Même si les systèmes d’échange réduisent les coûts pour les entreprises, la tarification du carbone crée un incitatif pour offrir des biens et services sobres en émissions. Les crédits de ces systèmes ont une vraie valeur, plus précisément celle du tarif sur le carbone (dans l’exemple, 80 $ par tonne). Comme les crédits peuvent être échangés, les entreprises touchées sont incitées à prendre des mesures pour réduire leurs émissions – comme l’électrification ou la mise à niveau vers des processus ou de l’équipement plus efficaces – qui leur coûtent moins de 80 $ par tonne. Ainsi, elles peuvent vendre leurs crédits excédentaires sur le marché (ou au moins éviter d’avoir à en acheter).
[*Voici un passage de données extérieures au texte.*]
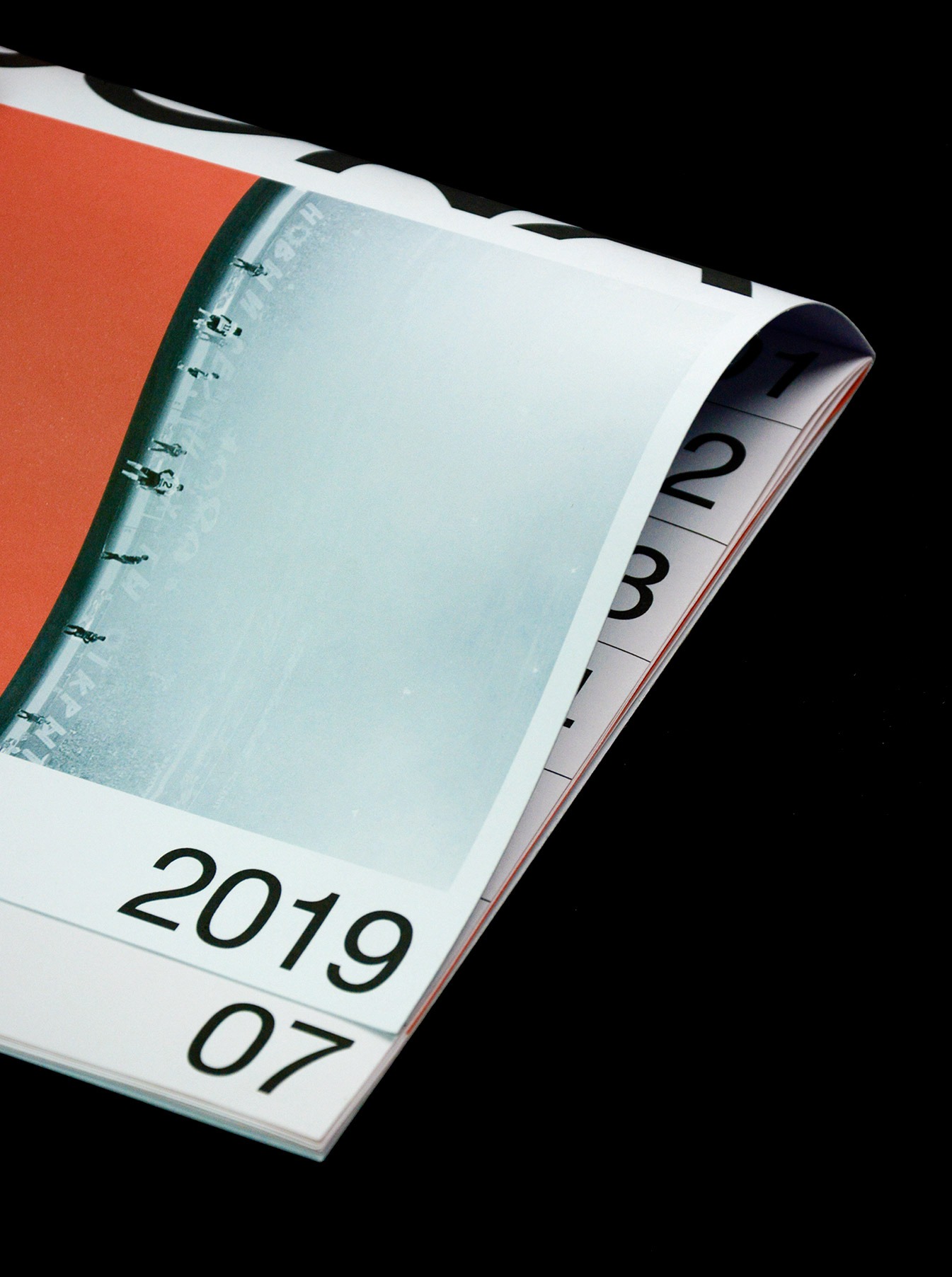 Gros plan sur des détails de la typographie et de la couverture du magazine Rabona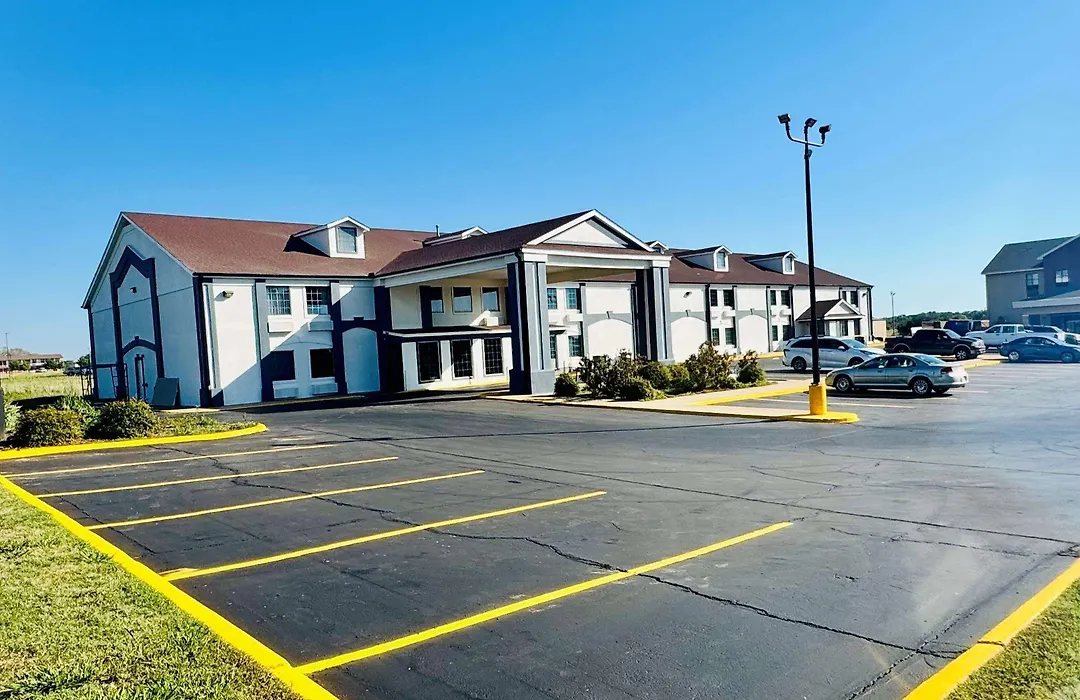 Days Inn By Wyndham Shawnee-1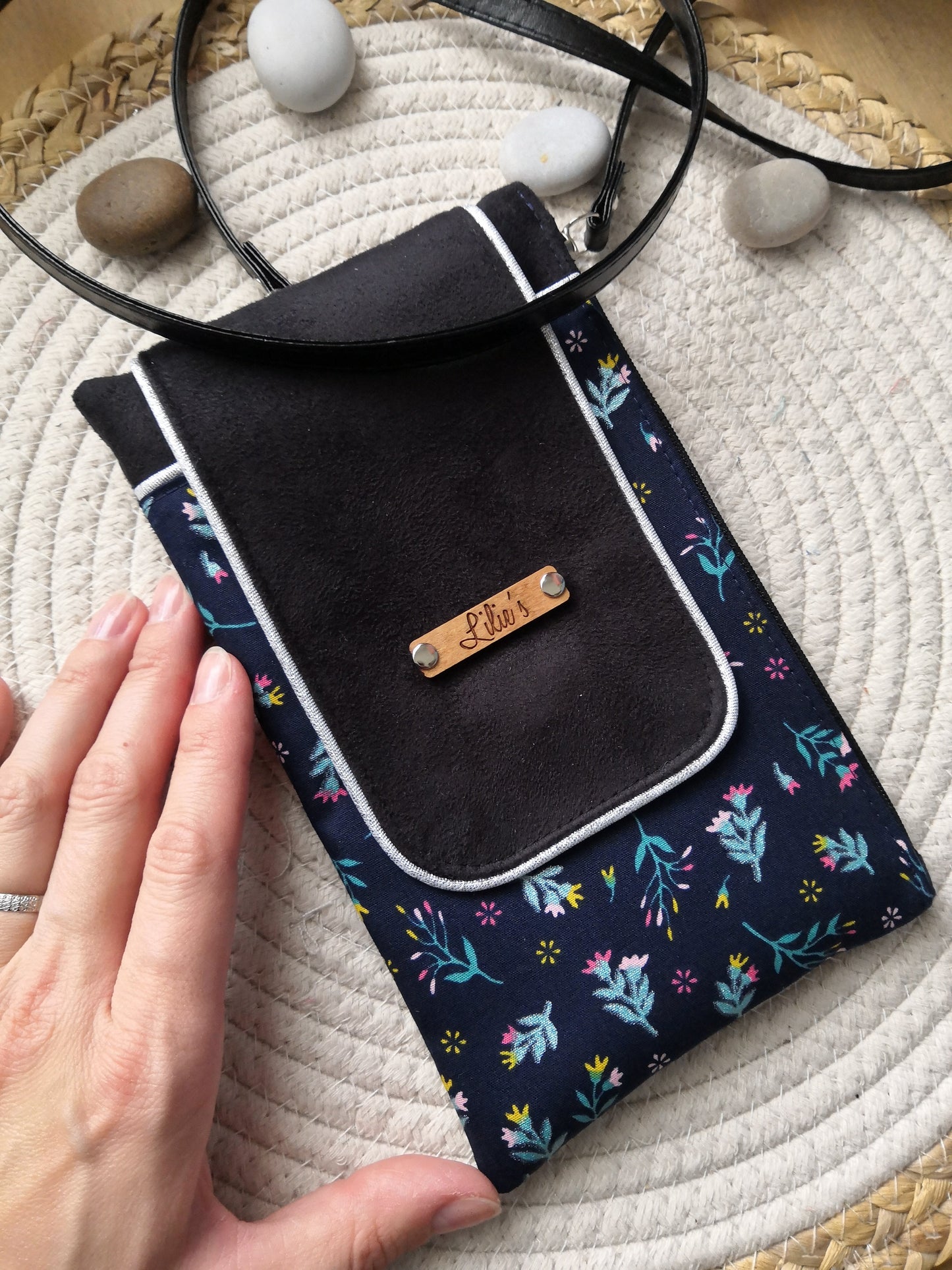 - HOLLY - la pochette à smartphone base suédine bleu roi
Par conséquent, cette flexibilité préserve l’incitatif à la réduction des émissions de production que représente la tarification du carbone, incitatif qui devrait se faire plus alléchant avec le temps puisque la tarification des systèmes d’échanges suit celle appliquée aux consommateurs.
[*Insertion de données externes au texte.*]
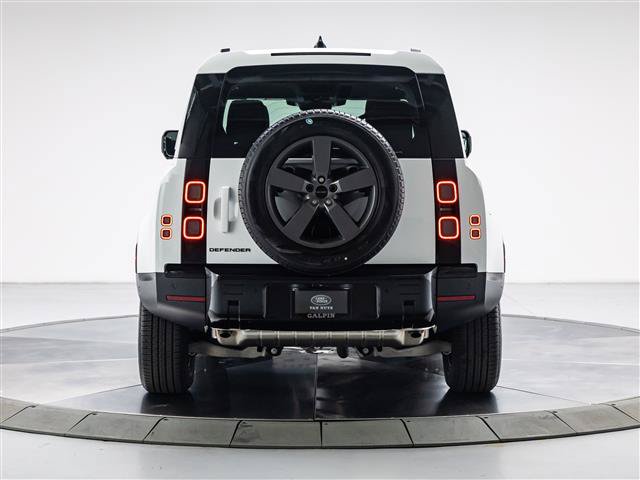 New 2026 Land Rover Defender 110 S AWD/4WD image 4
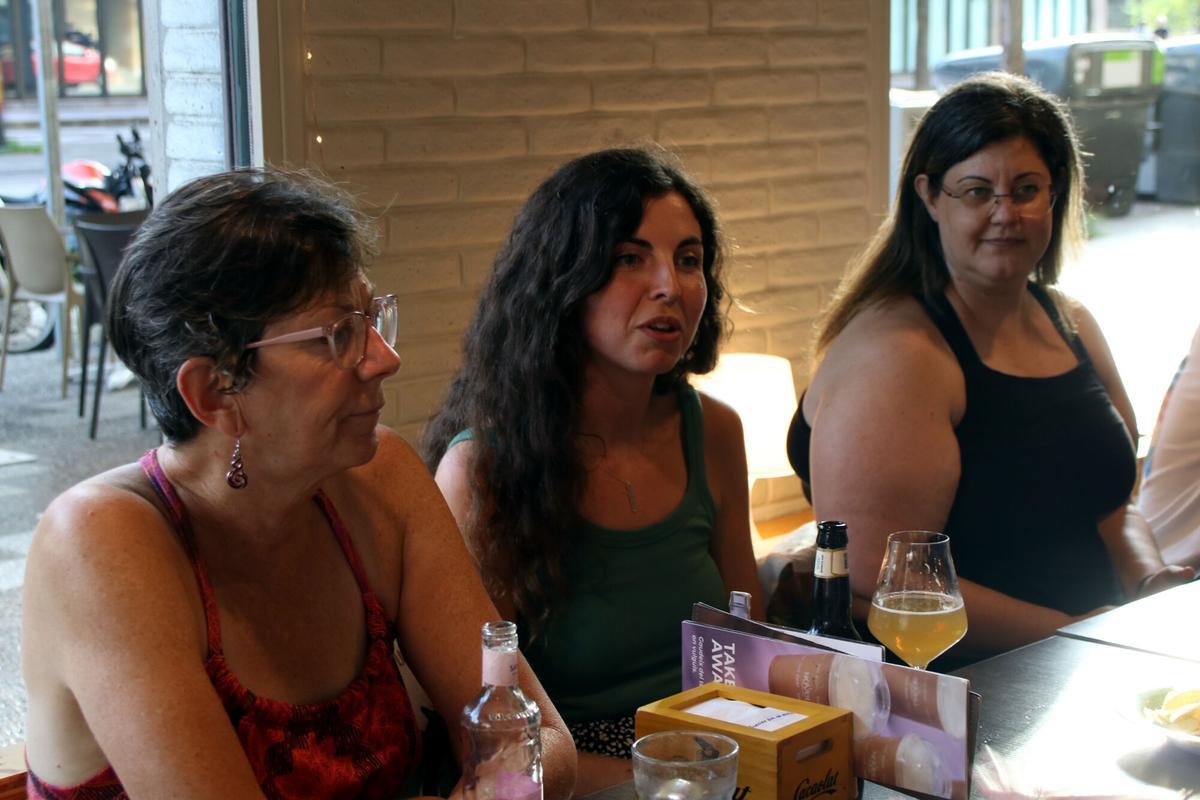 Pla mitjà de tres de les participants del grup Converses en català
  1. Ils favorisent les innovations sobres en carbone 

La flexibilité des systèmes veut aussi dire que les entreprises sont toujours incitées à développer des technologies et des processus novateurs réduisant les émissions. Les entreprises les plus performantes peuvent vendre leurs crédits excédentaires, à un prix qui suit la hausse constante de la tarification du carbone, pour un avantage concurrentiel. Ce dernier encouragera d’autres entreprises à viser la même efficacité, et – le plus important – à la surpasser. Nous avons ainsi un incitatif intrinsèque à l’innovation et à l’amélioration continues.

Une mise en garde

Pour que les systèmes d’échange continuent de réduire efficacement la pollution par les grands émetteurs canadiens, les autorités de réglementation doivent régler le problème des marchés saturés de crédits. Dans certaines provinces, les seuils laxistes et les interactions avec d’autres politiques climatiques peuvent contribuer à un excès de crédits; lorsqu’il y a trop de crédits, leur valeur chute, et l’incitatif à la réduction des émissions disparaît, ce qui nuit à l’efficacité des systèmes. Des seuils plus stricts, comme ceux recommandés par l’Institut climatique, sont essentiels pour préserver les avantages des systèmes d’échange pour les grands émetteurs.